Paris’ destination is trying to plan for a pivot whenever changes come, not only to the basketball tournament but for the inaugural Myrtle Beach Bowl football game, which is tentatively scheduled for December.

“For us it’s that mix of visibility and tourism,” Paris said of the desire to host the basketball event, which has every game broadcast on the ESPN family of networks. “It’s a lot of great publicity and visibility for the destination. From the tourism side, this event happens the week before Thanksgiving. That’s traditionally a shoulder season for us.”

An early-season tournament is valuable for any competing team because it gives them the chance to have multiple games in a short time frame ahead of conference play. And for Myrtle Beach or any early-season tournament destination, the ability to host multiple teams in one site may prove similar to a bubble environment that has proven so far successful for the NBA, NHL and Major League Soccer. The bubble concept for early-season events is an idea that was initially opposed by the NCAA but is starting to become more openly discussed.

“I think there is the opportunity to keep them in a bubble — I don’t know to the level of the NBA bubble,” Paris said. “We’re an attractive tournament for teams to play in because it’s early season, you get to come and make a trip out of it.”

Holding Their Breath in Charleston

There are plenty of benefits for destinations to host tournaments. You get diverse fan bases, a boost to the local economy and visibility on television. But admittedly, there are times when the schedules align and you also get a tournament with a great field.

This year’s Charleston Classic — held since 2008 — is slated to be just that this November 19–22. Tennessee, Florida State and Houston are all ranked in ESPN’s Early Top 25. The hometown Charleston Cougars are back for the first time in four years and there are four other big names in Oklahoma State, Penn State, Seton Hall and VCU.

“It’s supposed to be our best field ever,” said Kathleen Cartland, executive director of the Charleston Area Sports Commission. “Everything’s been really on hold in terms of recruiting alumni groups — we normally by now would send out correspondence and let them know things are happening tournament week. We feel like it’s going to take place and we have to be very positive and move forward with that.”

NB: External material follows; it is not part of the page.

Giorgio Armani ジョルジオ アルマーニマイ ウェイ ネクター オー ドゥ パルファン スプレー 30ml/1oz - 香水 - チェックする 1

Florida’s Keyontae Johnson holds the championship trophy after defeating Xavier 70-65 in the finals of the Charleston Classic on November 24, 2019 in Charleston, South Carolina. (AP Photo/Mic Smith)

Like in Myrtle Beach, the Charleston tournament is run by ESPN Events. Between fan and alumni groups coming to town, events such as golf tournaments for boosters and ESPN broadcasting games (and generating hundreds of room nights), Cartland said the estimated economic impact of last year’s event was $3.4 million.

“We organize a lot of get-togethers — I don’t know what it will be like this year — but we see a good influx of visitors because of the weather and we’re a top destination in the world, and that builds on the tournament,” Cartland said. “It’s been a great addition to our sports and event calendar.”

Don’t take it just from Cartland when it comes to Charleston as a destination; the statistics of any tourism survey bear out the region’s attraction for visitors. And having the Charleston Classic, in whatever form it would take, would be a boost for the city’s sports scene. The city’s professional women’s tennis tournament, one of the most historic stops on the WTA Tour, was canceled this year as were as a series of recreational events.

“This is the next largest event that we’re holding our breath for,” Cartland said.

And it’s not just Charleston. Destinations and fan bases throughout college basketball are waiting to see what this season will look like, with some answers likely in the weeks ahead.